Metric What to look for
Manual test case count Should decrease steadily as cases are automated or retired
Manual testing phase duration Should shrink toward zero
Automated test count in pipeline Should grow as manual cases are converted
Release frequency Should increase as the manual gate shrinks
Development cycle time Should decrease as the testing phase is eliminated
Time from code complete to release Should converge toward pipeline duration, not testing phase duration

3 - Flaky Test Suites

Tests randomly pass or fail. Developers rerun the pipeline until it goes green. Nobody trusts the test suite to tell them anything useful.

Category: Testing & Quality | Quality Impact: High

What This Looks Like

A developer pushes a change. The pipeline fails. They look at the failure - it is a test they did not touch, in a module they did not change. They click “rerun.” It passes. They merge.
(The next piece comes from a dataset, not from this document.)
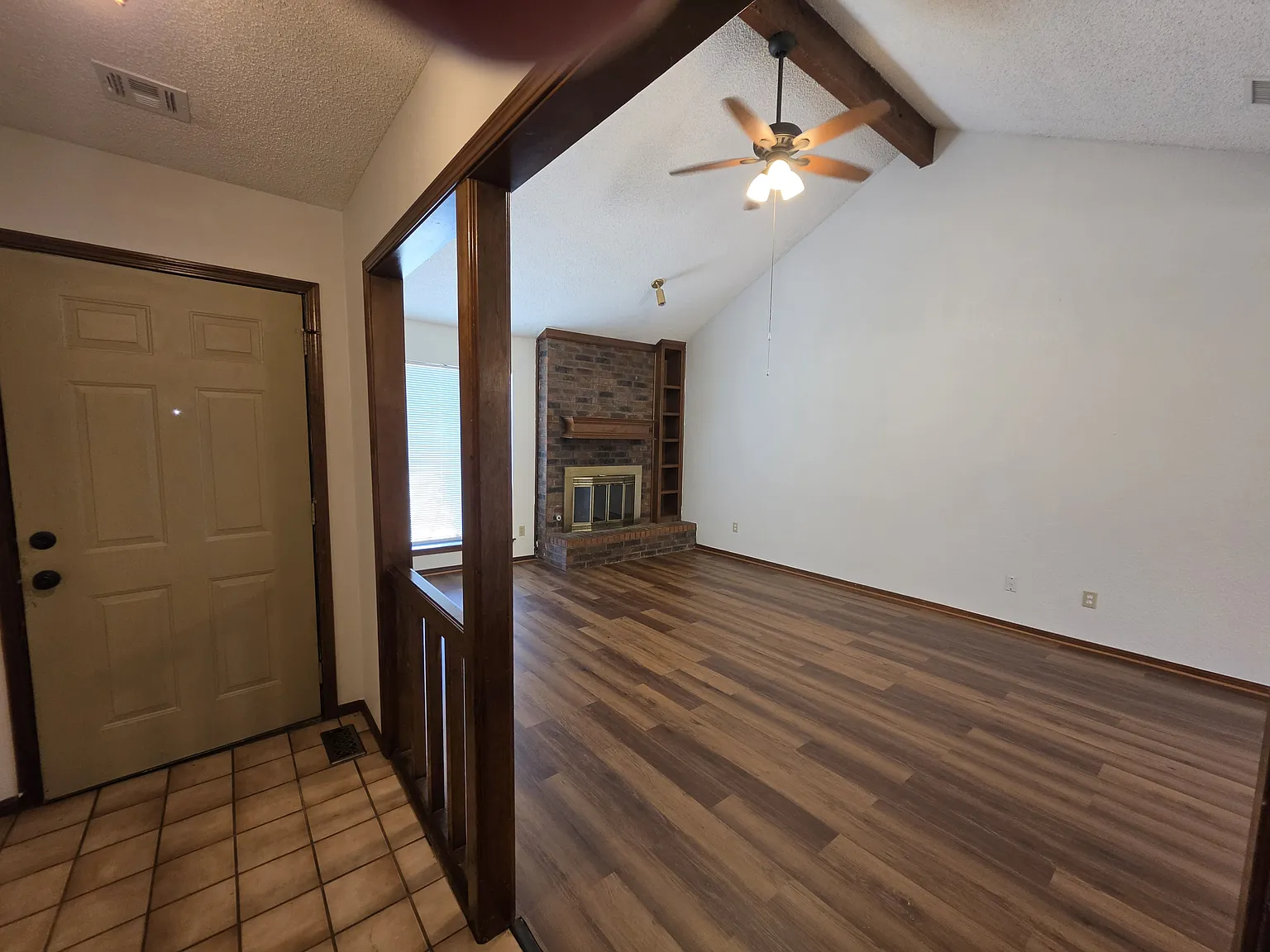 3 bed, 1294 sqft, $1,495 — Photo 3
This happens multiple times a day across the team. Nobody investigates failures on the first occurrence because the odds favor flakiness over a real problem. When someone mentions a test failure in standup, the first question is “did you rerun it?” not “what broke?”

Common variations:

  • The nightly lottery. The full suite runs overnight. Every morning, a different random subset of tests is red. Someone triages the failures, marks most as flaky, and the team moves on. Real regressions hide in the noise.
  • The retry-until-green pattern. The pipeline configuration automatically reruns failed tests two or three times. If a test passes on any attempt, it counts as passed. The team considers this solved. In reality, it masks failures and doubles or triples pipeline duration.
  • The “known flaky” tag. Tests are annotated with a skip or known-flaky marker. The suite ignores them. The list grows over time. Nobody goes back to fix them because they are out of sight.
  • Environment-dependent failures. Tests pass on developer machines but fail in CI, or pass in CI but fail on Tuesdays. The failures correlate with shared test environments, time-of-day load patterns, or external service availability.
  • Test order dependency. Tests pass when run in a specific order but fail when run in isolation or in a different sequence. Shared mutable state from one test leaks into another.
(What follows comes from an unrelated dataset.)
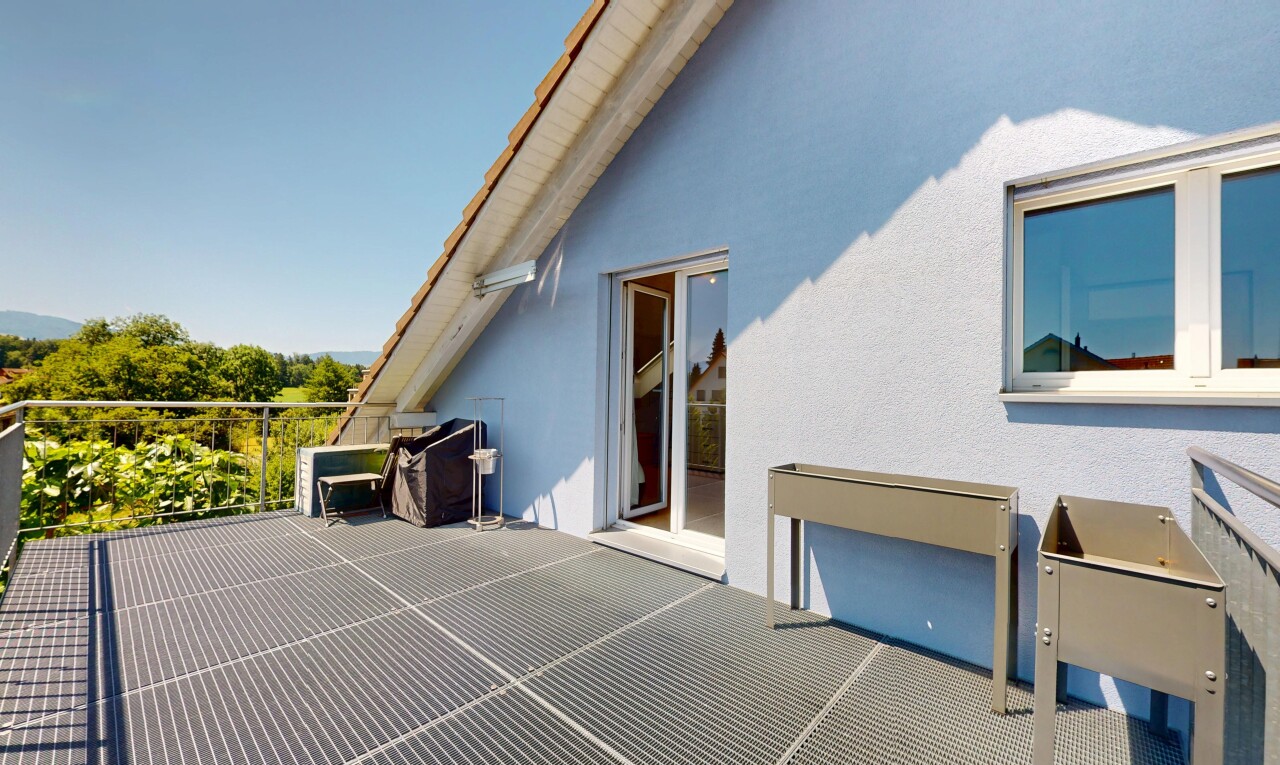 terrasse avec balcon, day time, et property visible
The telltale sign: the team has a shared understanding that the first pipeline failure “doesn’t count.” Rerunning the pipeline is a routine step, not an exception.

Why This Is a Problem

Flaky tests are not a minor annoyance. They systematically destroy the value of the test suite by making it impossible to distinguish signal from noise. A test suite that sometimes lies is worse than no test suite at all, because it creates an illusion of safety.

It reduces quality

When tests fail randomly, developers stop trusting them. The rational response to a flaky suite is to ignore failures - and that is exactly what happens. A developer whose pipeline fails three times a week for reasons unrelated to their code learns to click “rerun” without reading the error message.

This behavior is invisible most of the time. It becomes catastrophic when a real regression happens. The test that catches the regression fails, the developer reruns because “it’s probably flaky,” it passes on the second run because the flaky behavior went the other way, and the regression ships to production. The test did its job, but the developer’s trained behavior neutralized it.
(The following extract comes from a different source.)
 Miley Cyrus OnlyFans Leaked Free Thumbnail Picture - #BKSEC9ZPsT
In a suite with zero flaky tests, every failure demands investigation. Developers read the error, find the cause, and fix it. Failures are rare and meaningful. The suite functions as a reliable quality gate.

It increases rework

Flaky tests cause rework in two ways. First, developers spend time investigating failures that turn out to be noise. A developer sees a test failure, spends 20 minutes reading the error and reviewing their change, realizes the failure is unrelated, and reruns. Multiply this by every developer on the team, multiple times per day.

Second, the retry-until-green pattern extends pipeline duration. A pipeline that should take 8 minutes takes 20 because failed tests are rerun automatically. Developers wait longer for feedback, context-switch more, and lose more time to task switching.

Teams with deterministic test suites waste zero time investigating flaky failures. Their pipeline runs once, gives an answer, and the developer acts on it.

It makes delivery timelines unpredictable

A flaky suite introduces randomness into the delivery process. The same code, submitted twice, might pass the pipeline on the first attempt or take three reruns. Lead time from commit to merge varies not because of code quality but because of test noise.

When the team needs to ship urgently, flaky tests become a source of anxiety. “Will the pipeline pass this time?” The team starts planning around the flakiness - running the pipeline early “in case it fails,” avoiding changes late in the day because there might not be time for reruns. The delivery process is shaped by the unreliability of the tests rather than by the quality of the code.

Deterministic tests make delivery time a function of code quality alone. The pipeline is a predictable step that takes the same amount of time every run. There are no surprises.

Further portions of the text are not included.